There is also a major national trend — teen shooting — that remains unexplored by traditional media. More than 110,000 teens
are enrolled in courses offered by the 4-H Clubs. Shooting, for many Americans, is a fun, safe and pleasant family activity.
But you won't read about it in most magazines because the subject is so controversial and might alienate readers or advertisers.
HAVE YOUR VIEWS ON GUN OWNERSHIP CHANGED AS A RESULT OF YOUR RESEARCH?
I still feel strongly that it's a deeply personal choice. But it's also a choice whose tragic consequences — suicide, homicide,
accident, criminal use — some gun-owners, and certainly the most vocal proponents of gun ownership, seem to overlook or ignore.
I wish we could initiate a much wider and more nuanced conversation about the effects of private gun use. But after several
years of research and more than 100 interviews, I came away frustrated by the cynicism and mistrust on both sides of the issue.

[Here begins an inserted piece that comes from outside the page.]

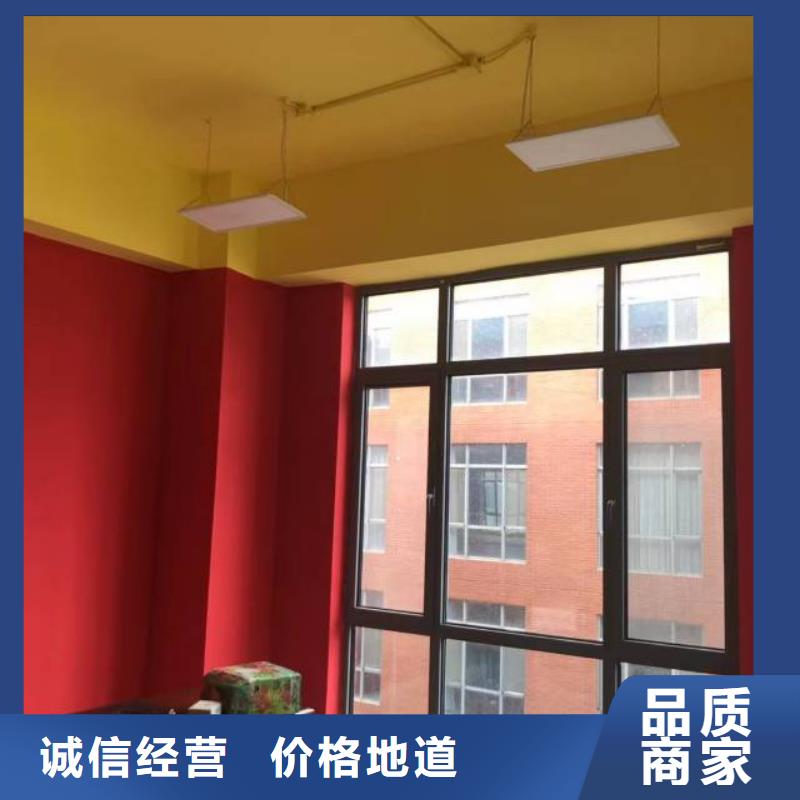 粉刷墙面通州区环氧地坪漆施工 厂家直销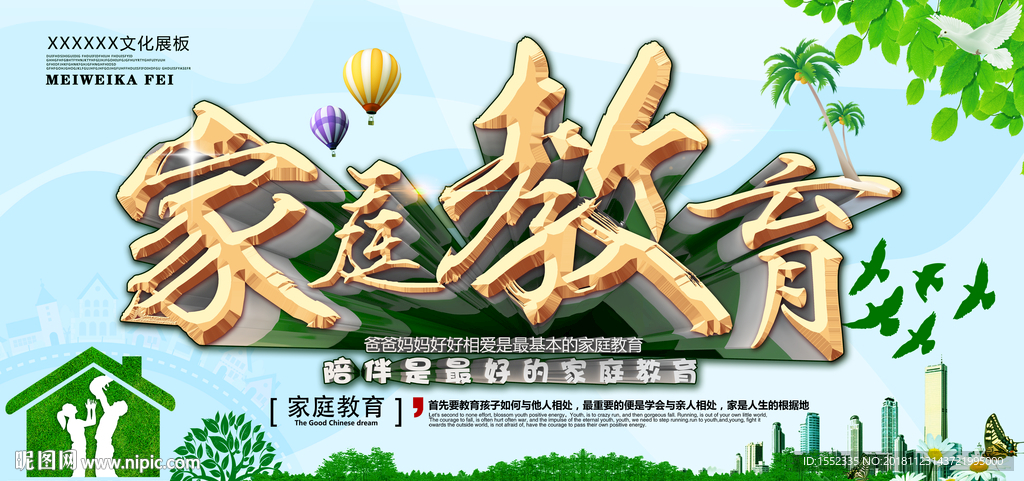 家庭教育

I think we need to talk more about guns and their role in our lives — for pleasure, especially, in the shooting sports and in
hunting — in a non-combative way. I'm not particularly hopeful that we can.
DO MEN AND WOMEN THINK DIFFERENTLY ABOUT GUNS?
I think men and women have different levels of comfort with power. In our culture, strength and the ability to protect yourself,
and others, remains, for many people, a skill we consider masculine or manly. Women who like guns, and who handle them with
competence and confidence, often make an unsettling figure, for men and women alike. The idea of a woman buying a handgun for
self-defense, especially, really offends many people.
I understand concerns about potential gun violence and misuse — but I'm equally offended by the unrelenting violence against
women that often goes unpunished, let alone is culturally rewarded. Buying a gun does not address these complex, larger issues.
But it deeply comforts some of the women who have made that choice — and who don't see any better option.